Friday, June 25, 2010

Agapanthus- Hardiness Issues

Lovely agapanthus (Lily of the Nile) is native to South Africa and is not reliably hardy in the Southern Appalachian region (zones 6 – 7). Many small tubular flowers comprise each ball -shaped (umbel) flower cluster. Tall sturdy floral scapes rise 1 to 4 feet in height, blooming from late spring into late summer depending on the cultivar. Many cultivars are available in shades of blue, purple and white.
In this region, agapanthus may be dependably grown in outdoor landscape planters which are brought inside in the fall. Agapanthus has multiple cultural issues: cold hardiness, wet wintry soils and hungry voles. Further south in zone 7-b, the crown may be covered over with several inches of leaves or mulch in late fall. The mulch is removed once the threat of spring frost has passed.
Agapanthus produces attractive glossy, strap-like green leaves, which grow from its fleshy tuberous roots.
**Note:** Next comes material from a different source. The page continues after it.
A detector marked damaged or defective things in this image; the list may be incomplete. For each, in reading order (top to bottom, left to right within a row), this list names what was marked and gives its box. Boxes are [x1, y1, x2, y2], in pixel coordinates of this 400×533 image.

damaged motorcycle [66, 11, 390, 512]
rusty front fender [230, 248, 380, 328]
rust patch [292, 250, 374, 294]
It is propagated by division of the root clumps immediately after flowering. Divide vigorous clumps every 2 to 3 years in early spring.
Agapanthus prefers a well-drained, fertile, slightly acidic soil. Locate the plant in a warm, sheltered spot under partial sun. Space plants 24 inches apart with its shallow surface roots barely visible on the ground.
Don’t permit agapanthus to dry out. Weekly watering encourages a deep extensive root system. Soggy soil is never good; the leaf tips turn yellow in a waterlogged soil.
Agapanthus requires light constant feeding in the spring and summer months using either water-soluble or slow release fertilizer with a 10-20-20 ratio. In the fall stop feeding and reduce watering to induce plant dormancy.
Pruning is done sparingly, usually to remove damaged or dead foliage before new leaves emerge in the spring.
Mealybug , red spider mite, and voles may become significant pest/critter problems.